Este é bem capaz de ser um livro-sensação, especialmente por ter conseguido, sendo o autor estreante, arrebatar o Man Booker Prize. E a verdade é que este é um livro de sensações. Nele se mergulha na Índia contemporânea, bem no meio de todas as suas idiossincrasias. Já li muitos livros só por causa dessa vertente, a de me transportar para um cenário que eu não conheço, permitindo-me aprender dessa forma. Mas raras foram as vezes em que efectivamente aprendi mesmo, em que fui transportado para lá, para pequenos detalhes e para grandes traços. É esse o grande mérito desta obra.

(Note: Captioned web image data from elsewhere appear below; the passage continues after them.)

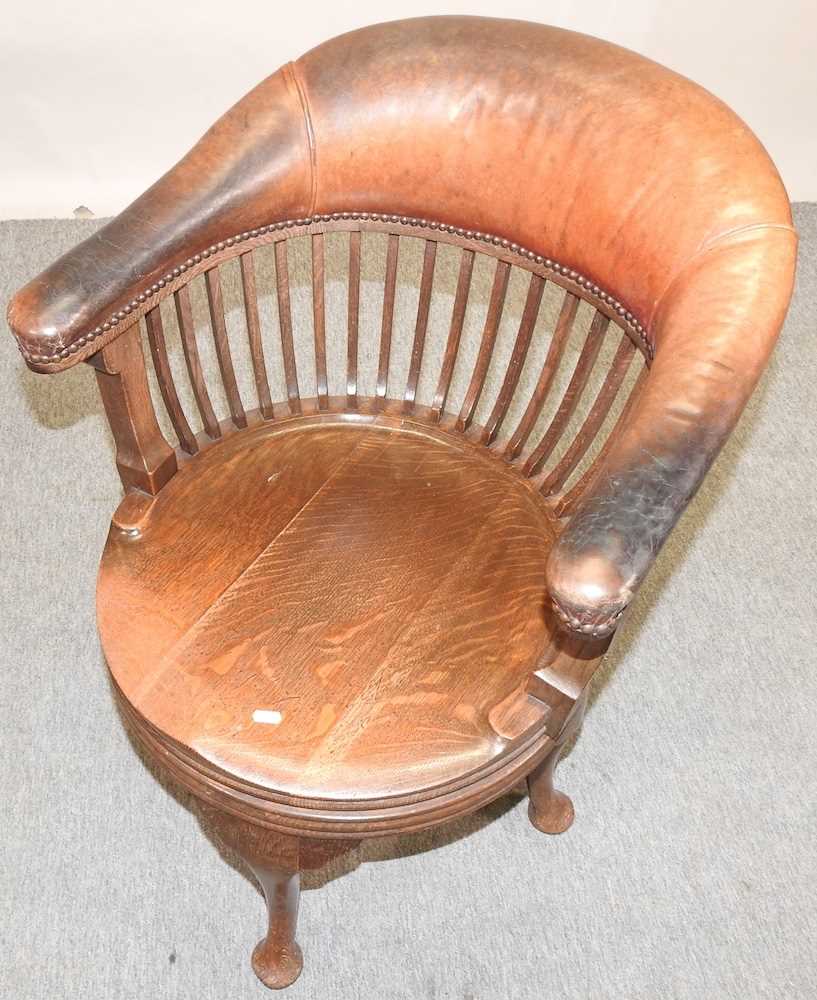 A late Victorian oak and leather upholstered swivel desk chair, - Image 4 of 6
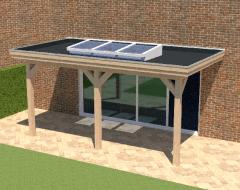 Houten overkapping met lichtstraat bovenaanzicht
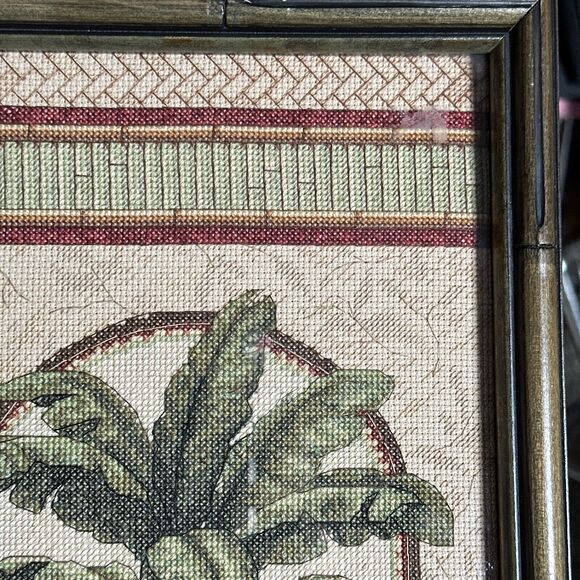 Tiki Cross Stitch Potted Tree FRAMED Wall Decor Completed Vintage - Picture 5 of 12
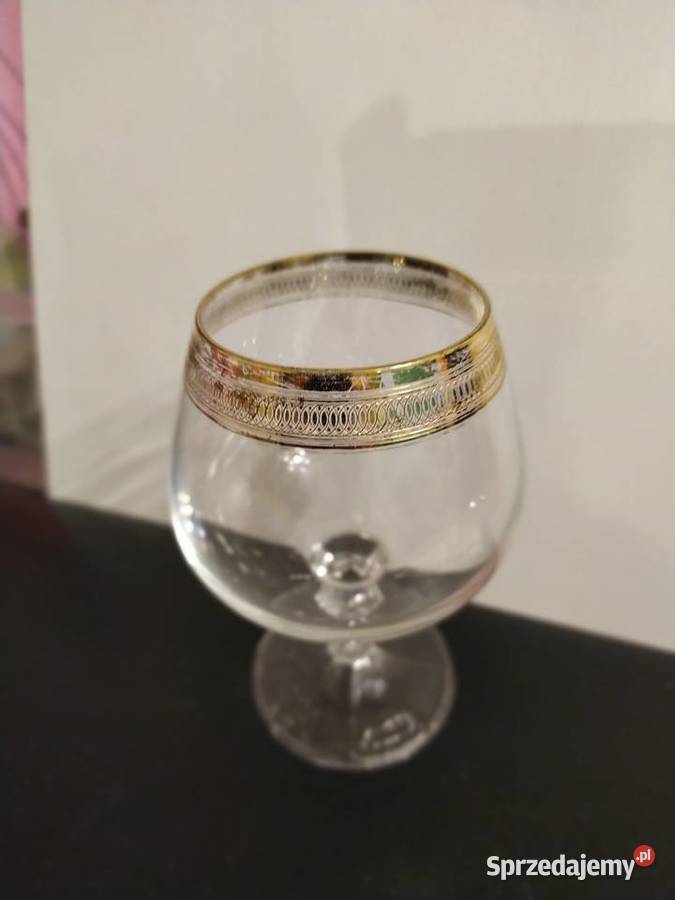 Kieliszek do koniaku z pozłacaną krawędzią górna Kraków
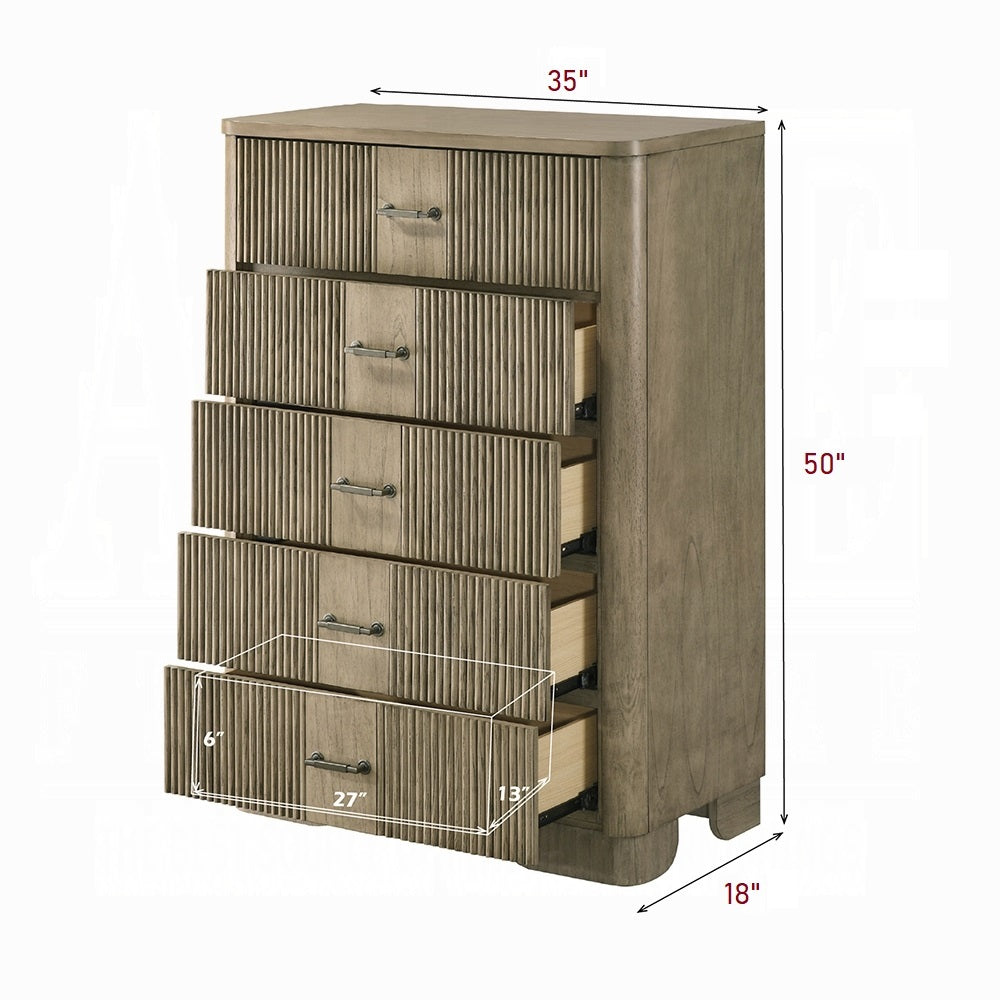 Dimensional view of Transitional Oak Chest with 5 Drawers - Bedroom Storage, showing measurements and drawer capacity in antique oak finish.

O ponto de partida é surpreendente. O Tigre Branco é um empresário indiano e, sabendo que o primeiro-ministro da China vai fazer uma visita à índia, resolve escrever-lhe para lhe contar tudo sobre o seu país. Faz isto contando a sua história particular, o que não só é uma excelente forma de se compreender um certo espírito indiano, como ainda nos permite, pelas situações que ele observa, conhecer muito mais do que apenas a vida dele.
Adiga leva-nos a conhecer a Índia profunda e pobre e a Índia sofisticada e rica. Mostra-nos as possibilidades de ascensão social que existem e o imobilismo do sistema de castas. Denuncia a corrupção de certas classes e ilustra a honestidade de outras. O mosaico indiano não é só fascinante, é também quase impossível de retratar. Mas é isso que neste livro é conseguido de forma magistral. Não é pela escrita que esta é uma grande obra mas sim pelo que consegue fazer. Adiga cria um enredo que lhe permite falar de tudo sem que nos percamos no meio de toda a confusão que pode ser falar sobre a Índia. Para além disso, não se limita ao quotidiano das pessoas, ainda consegue acrescentar elementos que nos lançam pistas sobre o futuro. Numa altura em parece cada vez mais próxima a ascensão da Índia (e da China) como superpotência mundial, Adinga lança dados sobre essa questão, e não isentas de polémica. Por exemplo, apontar como desvantagem indiana, face à China, a democracia, é, no mínimo, uma atitude corajosa e que deveria obrigar mais a reflexão do que a indignação (porque são apontados os grandes defeitos e fragilidades da democracia indiana).
Em suma, este livro é excelente se o lermos de um ponto de vista de entretenimento. É excelente se o lermos enquanto documento sobre a Índia contemporânea. É excelente se o virmos como obra de ficção. Ah, e ainda pode ser lido como policial, com um assassino e tudo.
Há tantos livros que tentam ter dentro de si coisas a mais, Este, parece poder conter tudo e ainda lhe sobra espaço. Surpreende a sua pequena dimensão (cerca de 240 páginas).